Scientist Recreates Mona Lisa's Voice
Thursday, June 1, 2006; 8:55 PM
TOKYO -- The Mona Lisa may hide many secrets behind her enigmatic smile, but the sound of her voice may no longer be one of them, thanks to the work of a Japanese forensics expert.
Matsumi Suzuki, a forensics scientist specializing in acoustic and voice analysis, says he has recreated the voice of the woman who sat for Leonardo da Vinci's masterpiece, as well as that of the master himself.
Suzuki _ a co-winner of the Ig Nobel Peace Prize in 2002 for promoting harmony between species by inventing the Bow-Lingual, a dog-to-human interpretation device _ undertook the project as part of activities promoting the Japan release of the movie "The Da Vinci Code."

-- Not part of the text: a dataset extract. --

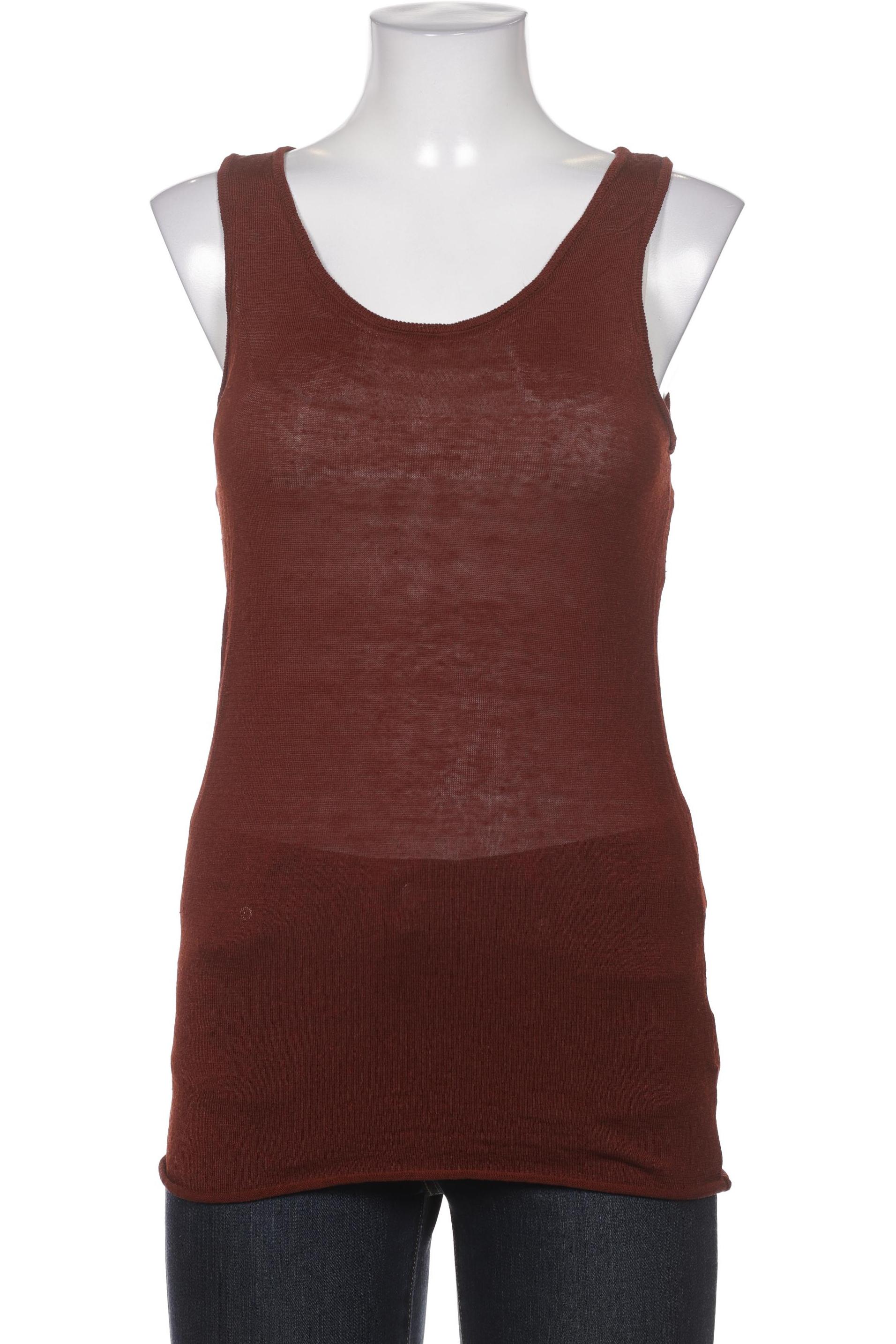 

H&M Studio Damen Top, braun, Gr. 40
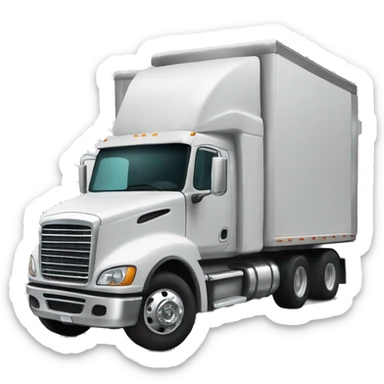 Semi truck with “PGS” on the side sticker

The Ig Nobel awards are presented annually at Harvard University by the Annals of Improbable Research Magazine for research that makes people laugh, then think.
"Normally, we do crime-related research. We recreate the voices of suspects based on information about their physical characteristics, lifestyles, dialects and so on," Suzuki said.
However, his company, Japan Acoustic Lab, also gets the occasional request to recreate the voices of historical personages, he said, so being asked to unravel the Mona Lisa and da Vinci vocal codes was not an unusual request.
For the Mona Lisa, the laboratory worked with a photograph of the painting to get detailed measurements of her face and hands, Suzuki said. They used this data to then recreate her skull and estimate her height, which they put at 5 feet 6 inches, he said.
The data was then run through the lab's voice simulation programs to recreate the vocal cords and other organs that produced the mystery woman's voice and determine its pitch.
A native Italian speaker was also employed to help the lab get the right intonations for the Mona Lisa's voice, he said.
It was unclear, though, if that individual spoke the same Italian dialect as the woman portrayed in the Mona Lisa painting _ whose identity remains unknown.
As for da Vinci, the lab had to base their work on a photograph of the master's self-portrait, Suzuki said. The work was made difficult by da Vinci's very full beard, which obscured elements of his facial structure, he said.
The results can be heard on Microsoft Japan's Web page, which hosted the results in a section promoting the film version of Dan Brown's murder mystery.